There are many cases where health professionals require alerts of unusual health events based on aggregating data from multiple records. For instance, the texts from emergency room records are collected in real time by a central computer, which monitors them to track the reasons for first aid visits. When the frequency of any of those events exceeds an expected level, a meaningful alert is issued for a suspected medical outbreak. This allows the receiving public health officials to respond immediately. An adequate response is likely to require additional information from a variety of data sources, many of which are, again, expected to be in text format.
The scenario involves scanning journal articles that describe clinical studies, particularly randomized controlled trials (RCT). These RCT studies are very formulaic but it is still difficult to extract facts from them. Extracting such facts is necessary to perform meta-analyses and to perform ethical checks on those performing the studies. An Automatic Information Extraction technique developed in the TMMR project showed very good results, and when combined with the tightly integrated user interface, allowed an expert to quickly enter verified data into a structured knowledge base.

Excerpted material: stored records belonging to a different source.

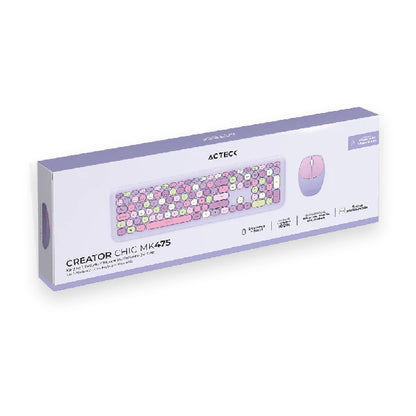 Kit de teclado y mouse ACTECK MK475 - Vista 5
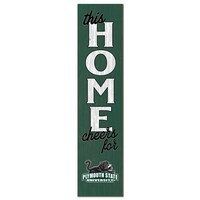 Plymouth State Panthers 12" x 48" This Home Leaner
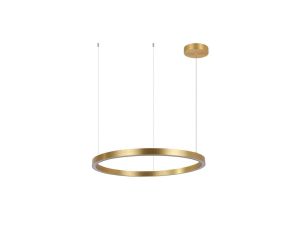 Lampa wisząca Midway złota LED 3000K Light Prestige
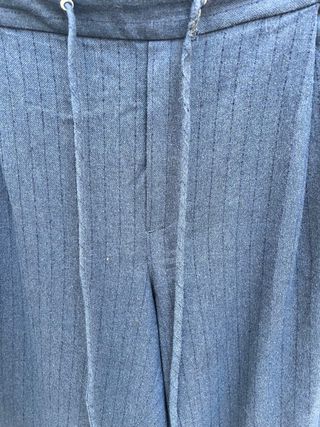 Pantalones Massimo Dutti Talla 40 Azul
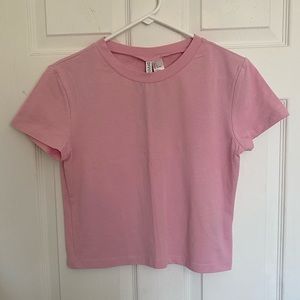4/$10 H&M cropped tee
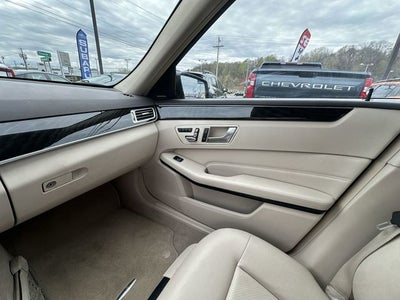 2016 Mercedes-Benz E-Class E 350 4MATIC®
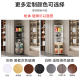 Corner cabinet corner triangle corner corner storage rack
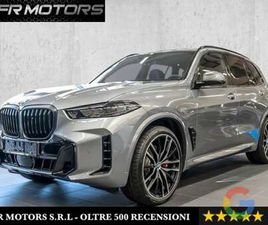 X5 XDRIVE40D 48V MSPORT *IVA ESPOSTA*PROMO BMW *G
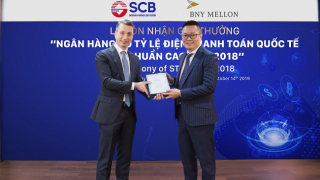 SCB nhận giải thưởng thanh toán quốc tế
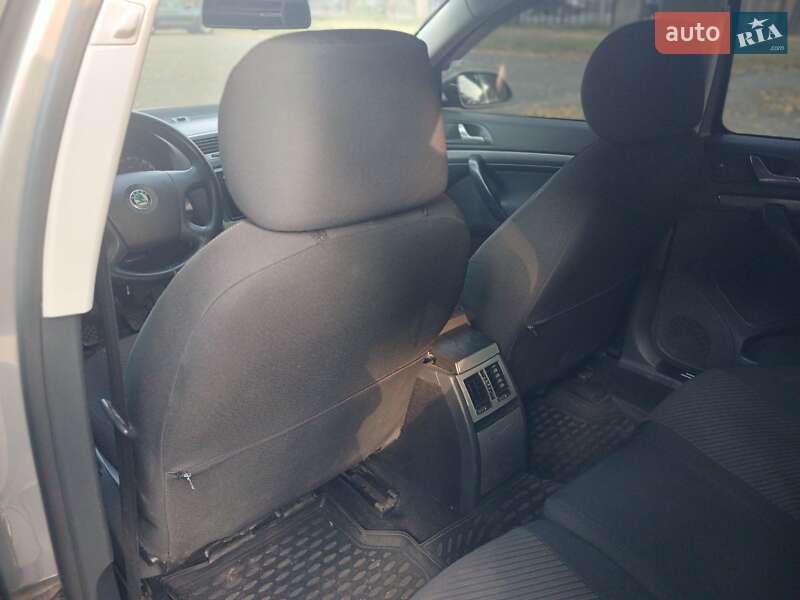 Ліфтбек Skoda Octavia 2007 в Києві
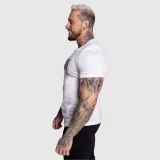 Férfi sportpóló Iron Aesthetics Urban, fehér · záber 3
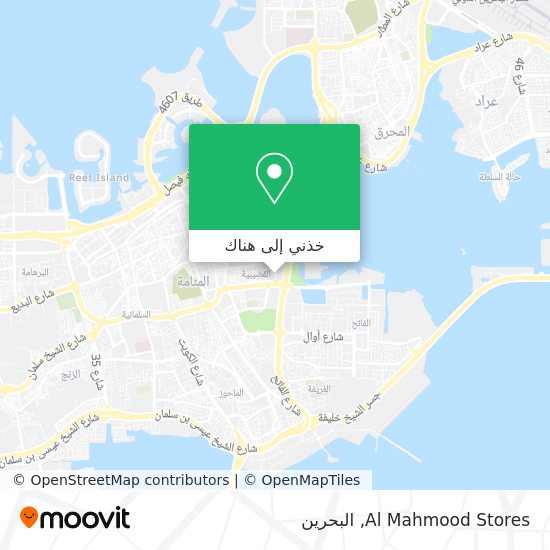 خريطة Al Mahmood Stores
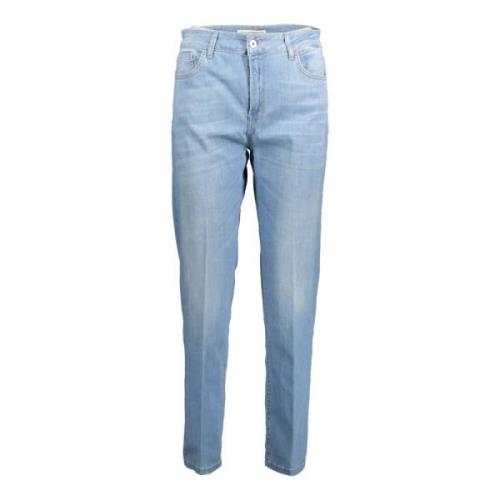 Elegant Slim-Fit Jeans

Techniques under this scenario have also been applied to patient record text, where it is often required to combine an extracted medical fact (e.g., hypertension status) with the surrounding context (e.g., ‘suspected’, or ‘family history’).
NRC is currently progressing well in building automation TMMR technologies and to transfer to Canadian companies. This technology transfer will help Canadian companies to market new product based NRC technology. The project is expected to end in 2011.